◆ **RECORDS SUPPLIED**:
——————

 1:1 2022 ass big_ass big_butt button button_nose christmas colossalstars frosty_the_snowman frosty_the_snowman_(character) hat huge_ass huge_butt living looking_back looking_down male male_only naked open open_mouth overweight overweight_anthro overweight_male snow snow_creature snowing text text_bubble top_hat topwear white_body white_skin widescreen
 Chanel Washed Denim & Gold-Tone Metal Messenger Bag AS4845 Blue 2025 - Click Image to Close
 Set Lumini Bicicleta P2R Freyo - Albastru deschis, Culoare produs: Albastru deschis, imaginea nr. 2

——————

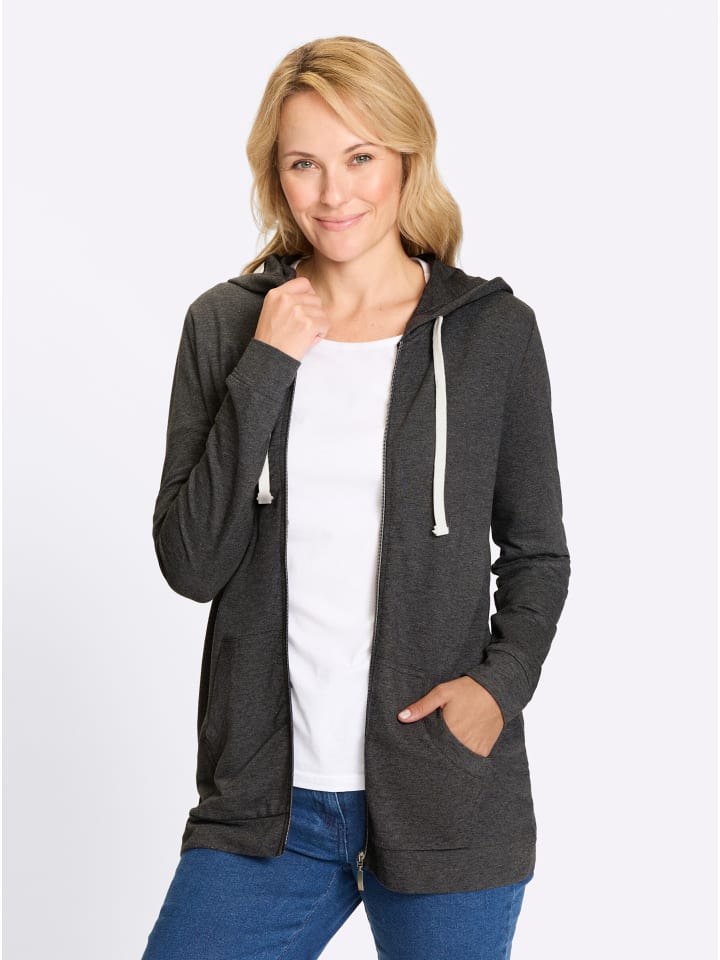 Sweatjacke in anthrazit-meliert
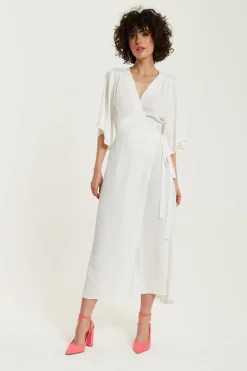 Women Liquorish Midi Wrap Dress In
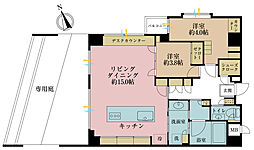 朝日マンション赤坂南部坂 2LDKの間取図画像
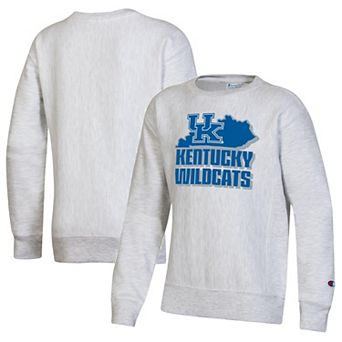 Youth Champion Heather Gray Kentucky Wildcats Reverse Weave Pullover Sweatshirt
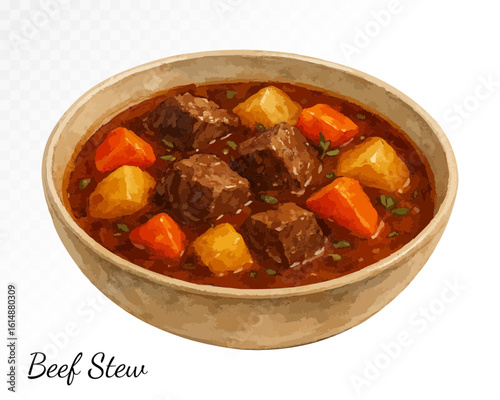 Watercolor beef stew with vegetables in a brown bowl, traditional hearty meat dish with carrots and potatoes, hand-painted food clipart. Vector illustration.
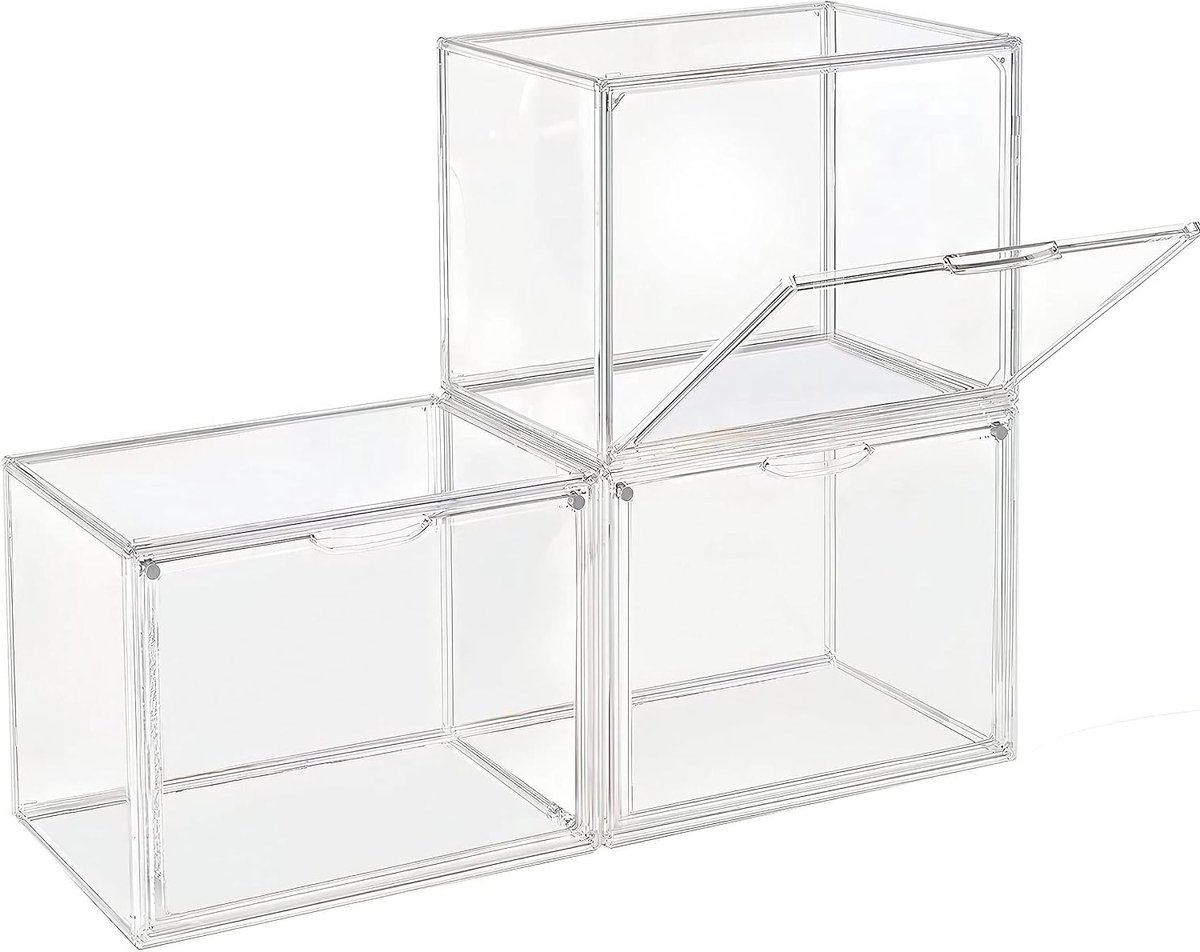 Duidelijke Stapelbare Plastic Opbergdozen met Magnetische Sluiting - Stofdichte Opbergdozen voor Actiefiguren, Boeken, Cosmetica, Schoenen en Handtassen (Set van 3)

——————

◆ **REQUIREMENT**:
Among the lines above, repeat exactly those from the line with "1:1 2022 ass" to the line with "Set Lumini Bicicleta", counting both ends.

◆ **ANSWER TO THE EXERCISE**:
 1:1 2022 ass big_ass big_butt button button_nose christmas colossalstars frosty_the_snowman frosty_the_snowman_(character) hat huge_ass huge_butt living looking_back looking_down male male_only naked open open_mouth overweight overweight_anthro overweight_male snow snow_creature snowing text text_bubble top_hat topwear white_body white_skin widescreen
 Chanel Washed Denim & Gold-Tone Metal Messenger Bag AS4845 Blue 2025 - Click Image to Close
 Set Lumini Bicicleta P2R Freyo - Albastru deschis, Culoare produs: Albastru deschis, imaginea nr. 2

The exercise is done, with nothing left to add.